Minor Distributary: It takes off from branch canal or from major distributary. Such canals are also called as minors. They carry a discharge less than 0.25 m3/s. Ihey supply water to the water courses through outlets. These are constructed on y w len the distance between the distributary outlet and farmer's field is more than 3 km.

Water Course: Also known as field canal, is used for feeding water to the irrigation fields from government owned outlets. It may take off from a major distributary or minor or even branch canal depending on the size and extent of irrigation scheme. These channels are constructed by cultivators.

Based on Canal Alignment

According to the alignment, a canal may be classified as-

Watershed canal or ridge Canal: It is a canal which is aligned along a watershed and runs for most of its length on a watershed. It can irrigate fields on both sides.

Contour Canal: It is a canal which is aligned parallel to the contours and irrigates area only on one side of it. The other side being at higher elevation.

Side Slope Canal: It is a canal which is aligned roughly at right angles to the contours of the country. It is constructed neither on the watershed nor in the valley.

Based on Material of Construction

Lined Canal: Canals with an intention to reduce seepage are lined with different materials. These materials include, concrete, shotcrete or plaster, brick or concrete tile, asphaltic concrete, boulder, compacted earth and soil cement.

Cement concrete lining: It is considered as high quality type of lining. Its initial cost is large. Steeper slopes exert extra earth pressure rendering the lining as uneconomical. The lining is cured for 3-5 days. The surface is kept continuously wet during this period.

Shotcrete lining: In this type of lining cement mortar (a mixture of cement: sand in the ratio of 1:4) is applied under pressure through a nozzle on the surface of canal. Size of sand is limited to 5 mm and thickness of lining is 35 mm.

Brick or concrete tile lining: This type of lining is very popular in our country. A single or double layer of tiles is laid over a layer of brick masonary or tiles laid in mortar. The top layer of tiles is laid in 1: 3 cement mortar over 12 mm to 15 mm thick layer of plaster in 1 : 3 cement plaster. The second layer is over it in 1:3 cement mortar. The size of brick especially made is kept as 300 x 150 x 50 mm.

Asphaltic concrete lining: It is a cheap lining and consists of mixture of asphalt and graded stone aggregate placed at a temperature of 200°C. It is covered with a 300 mm layer of earth material for protection. It is not in common use.

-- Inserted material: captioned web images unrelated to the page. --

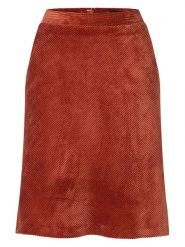 More & More Spódnica sztruksowa w kolorze jasnobrązowym rozmiar: 46. Brązowe spódnice More & More, bez wzorów, ze sztruksu, mini. Za 100.04 zł.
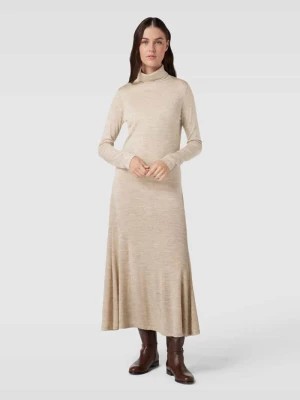 Zdjęcie produktu Długa sukienka z wywijanym kołnierzem Polo Ralph Lauren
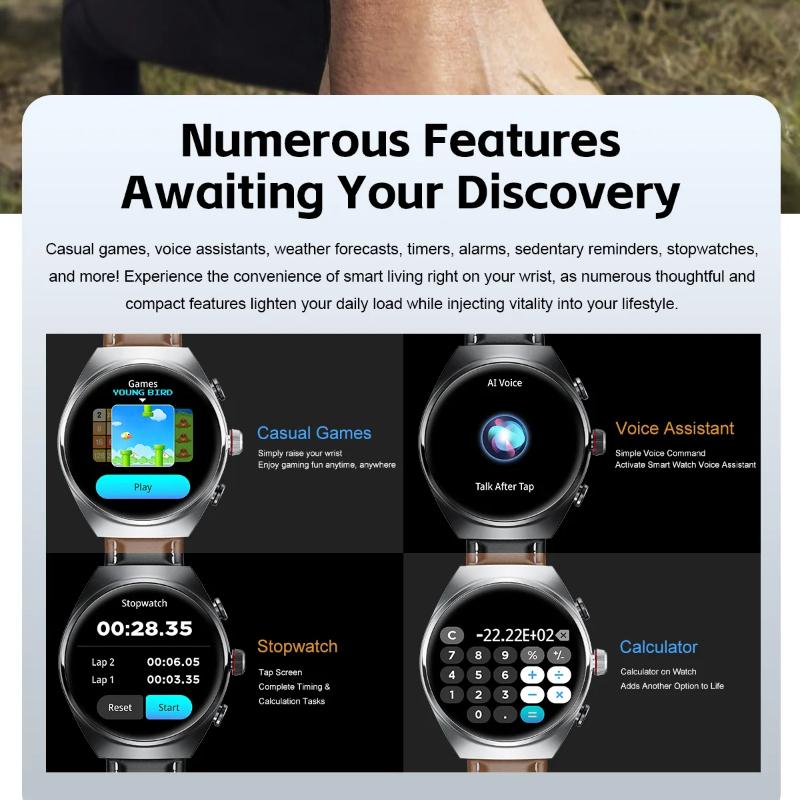 2026 2-in-1 Smart Watch with Earbuds NFC Smartwatch TWS Bluetooth Earphone Heart Rate Blood Pressure Monitor Bluetooth Call Sport Fitness Watch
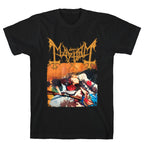 Mayhem Band Album Cover T-Shirt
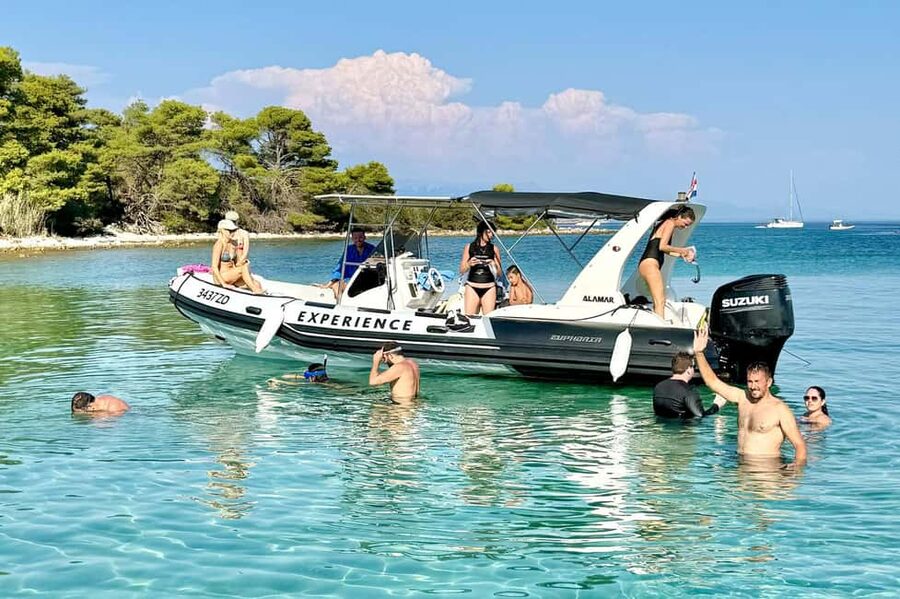 Zadar: Island-Hopping, Swimming & Snorkeling SpeedBoat Tour - Key points to know before booking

Boulder lining: It is also called dry stone lining or stone pitching. The thickness and size of lining depend on the canal capacity. For example if the capacity is less than 50 m3/s, recommended thickness is 150 mm, average diameter along longest axis = 150 mm and minimum diameter = 75 mm. Whereas for Q = 100 m3/s and above, recommended thickness is 300 mm, average diameter along longest axis = 300 mm and minimum diameter = 150 mm. Precast concrete slabs 900 x 300 x 60 mm are also used for lining of canal. Joints are sealed with asphalt to prevent seepage.

Compacted earth lining: Suitable soil available in the area is compacted at optimum moisture content and is used for lining. Its thickness is kept as 300-900 mm.

Soil-cement lining: Mixture of soil having high percentage of fines and 2 to 8% of Portland cement is compacted and used for lining. There are other materials also which are used for lining. These materials are clay puddle, sodium carbonate, stone block, pre-fabricated light weight membrane, bentonite and clay membrane and road oil.

Unlined Canals: Such canals are aligned and excavated either in alluvial soils or non alluvial soils. An alluvial soil is one which is formed by the continuous silt deposition. The area of alluvial soil is comparatively even and has flat slope. Rocky plain area formed due to disintegration of mountaineous region is called as non-alluvial area. Canals through such an area are called as non-alluvial canals. Larger portion of Maharashtra state is non-alluvial.